• _Supplied entries_
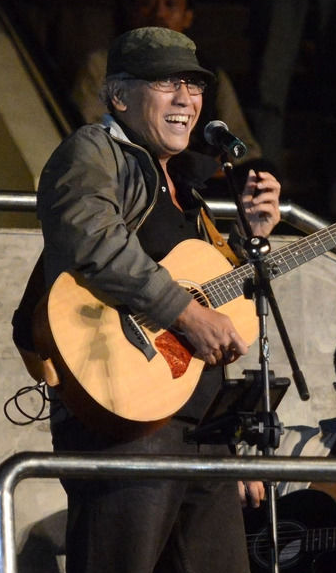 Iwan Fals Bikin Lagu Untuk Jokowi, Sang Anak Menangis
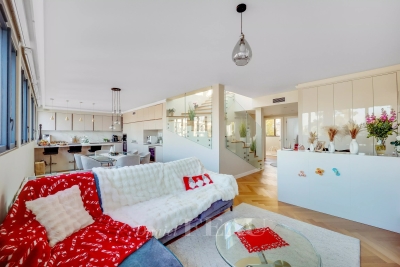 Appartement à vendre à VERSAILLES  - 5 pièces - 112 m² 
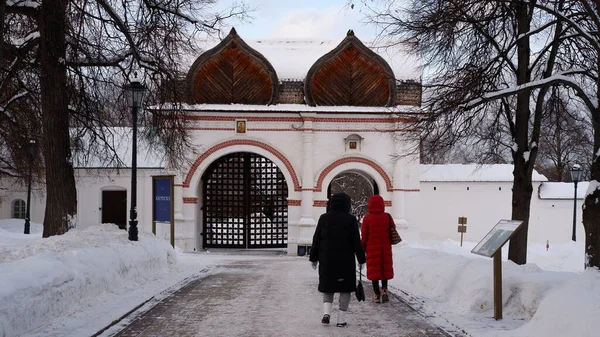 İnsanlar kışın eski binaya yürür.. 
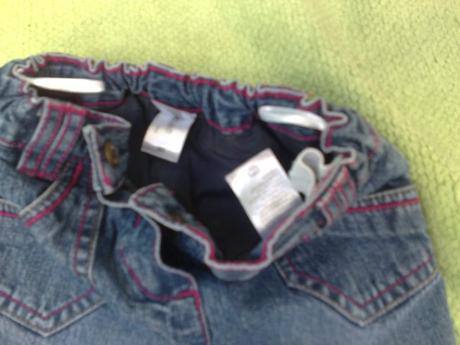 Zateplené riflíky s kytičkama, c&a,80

==

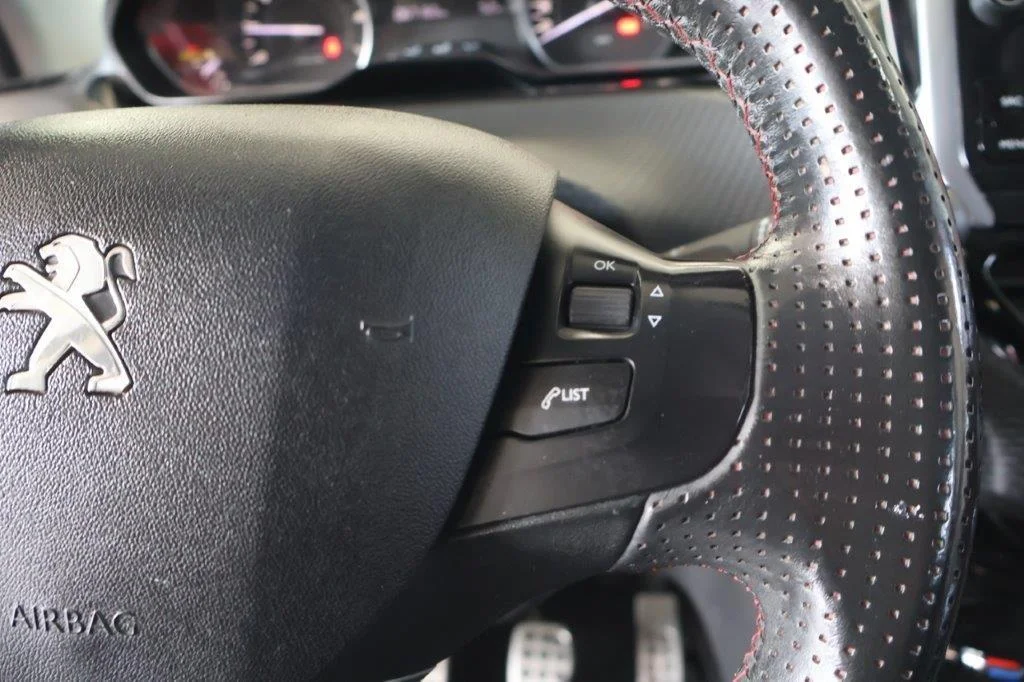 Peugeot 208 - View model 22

• _Task details_
The result should be an exact copy of only the lines above from the one that holds "İnsanlar kışın eski binaya yürür.." through the one that holds "Zateplené riflíky s kytičkama, c&a,80", both ends included, without pictures.

• _Response_
 İnsanlar kışın eski binaya yürür.. 
 Zateplené riflíky s kytičkama, c&a,80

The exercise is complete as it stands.